The digital rights group and Mozilla reference a report by computer science student Dan Salmon, who said in a Wired op-ed this June that he was able to scrape data for millions of Venmo transactions in a six-month period.
“As I pored over the trove, I became concerned that I had been able to amass such a large collection of people’s financial activity so easily, even if it was for mostly innocuous activities like splitting the cost of a pizza,” he wrote.
Salmon added that fraudsters could use that data for cyberattacks.

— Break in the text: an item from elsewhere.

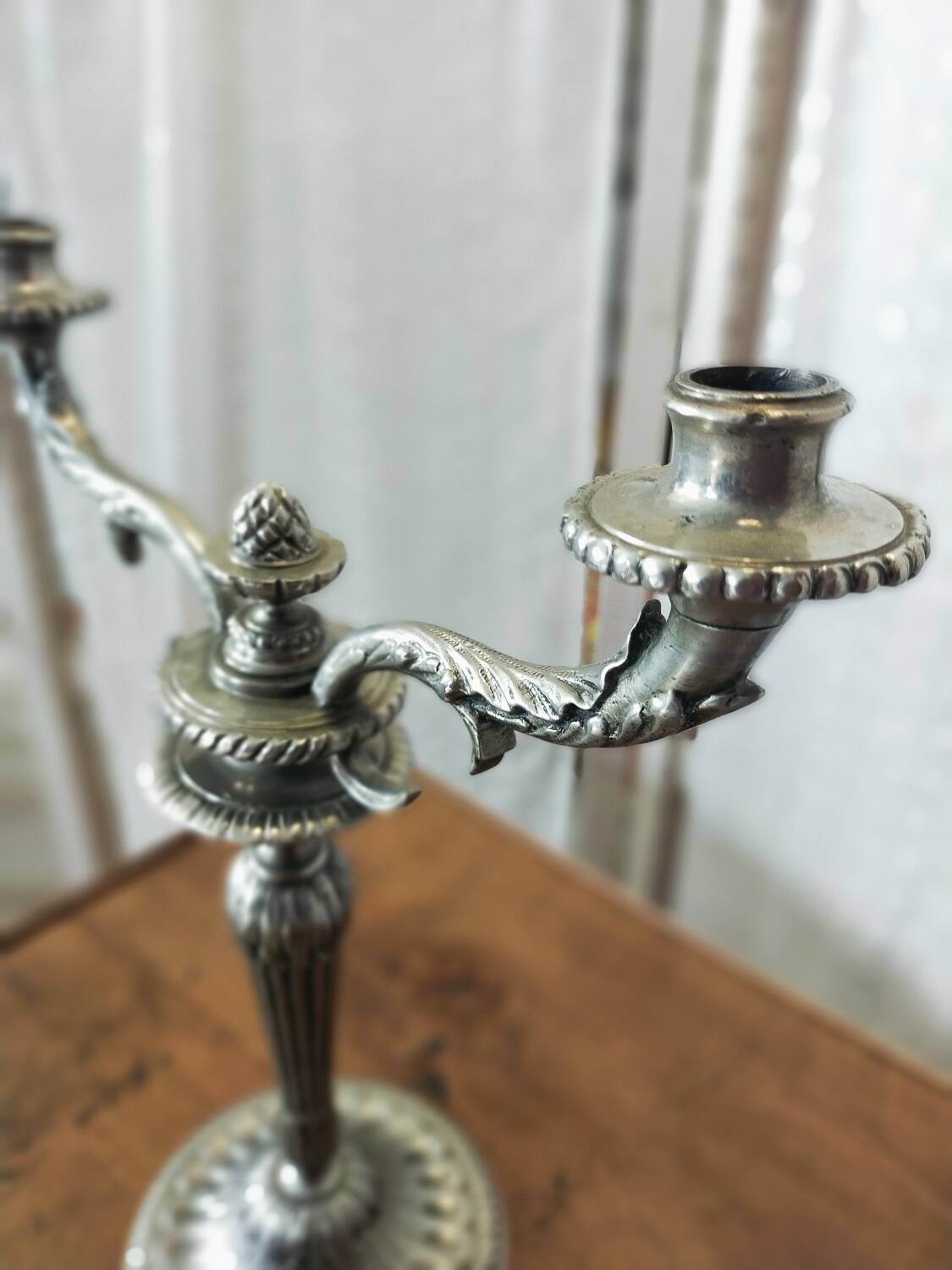 Double-branched candlestick, Louis XVI, in silver-plated metal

“The amount of specific information available via the app would make for a very convincing phish,” he wrote. “An attacker could easily find a list of the people that their target most frequently interacts with, as well as that person's common spending habits.”
The EFF and Mozilla add in their letter that users don't necessarily realize that Venmo makes transactions public by default.
“It appears your users may assume that, like their other financial transactions, their activity on Venmo is both private and secure,” the letter states. “They might not know that they must change their newsfeed privacy settings.”
The organizations also say Venmo should give users a way to keep their friend lists private.
“The list of people with whom you exchange money paints a startlingly clear picture of the people who live, date, and do business with you,” the EFF and Mozilla write.
Last year, the Federal Trade Commission prosecuted Venmo for allegedly misleading users about whether their transactions were private.
The FTC alleged that Venmo's privacy settings were confusing. At the time, the company required users who wanted to keep their transactions private to change two separate account settings -- both of which had similar labels, according to the FTC.
PayPal settled those allegations by agreeing to several conditions, including a requirement to make "clear and conspicuous" disclosures about how it shares information.